* _DATA FOR ANALYSIS_:
════════════════════
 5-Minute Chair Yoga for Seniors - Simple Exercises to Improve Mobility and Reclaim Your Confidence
════════════════════
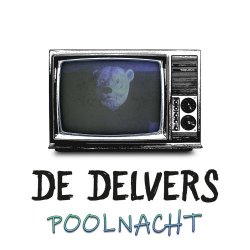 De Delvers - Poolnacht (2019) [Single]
════════════════════
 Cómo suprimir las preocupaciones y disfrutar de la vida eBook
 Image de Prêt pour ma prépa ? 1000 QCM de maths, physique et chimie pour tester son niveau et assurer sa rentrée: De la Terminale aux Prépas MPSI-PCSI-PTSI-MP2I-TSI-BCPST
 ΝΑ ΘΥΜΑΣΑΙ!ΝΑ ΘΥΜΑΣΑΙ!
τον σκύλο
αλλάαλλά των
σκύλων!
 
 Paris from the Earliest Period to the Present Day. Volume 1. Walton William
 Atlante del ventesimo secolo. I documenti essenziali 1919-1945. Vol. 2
════════════════════
* _TASK OBJECTIVE_:
Beginning with the line that has "Image de Prêt" and ending with the line that has "Atlante del ventesimo", set down the lines above exactly and include no others.

* _RESPONSE AREA_:
 Image de Prêt pour ma prépa ? 1000 QCM de maths, physique et chimie pour tester son niveau et assurer sa rentrée: De la Terminale aux Prépas MPSI-PCSI-PTSI-MP2I-TSI-BCPST
 ΝΑ ΘΥΜΑΣΑΙ!ΝΑ ΘΥΜΑΣΑΙ!
τον σκύλο
αλλάαλλά των
σκύλων!
 
 Paris from the Earliest Period to the Present Day. Volume 1. Walton William
 Atlante del ventesimo secolo. I documenti essenziali 1919-1945. Vol. 2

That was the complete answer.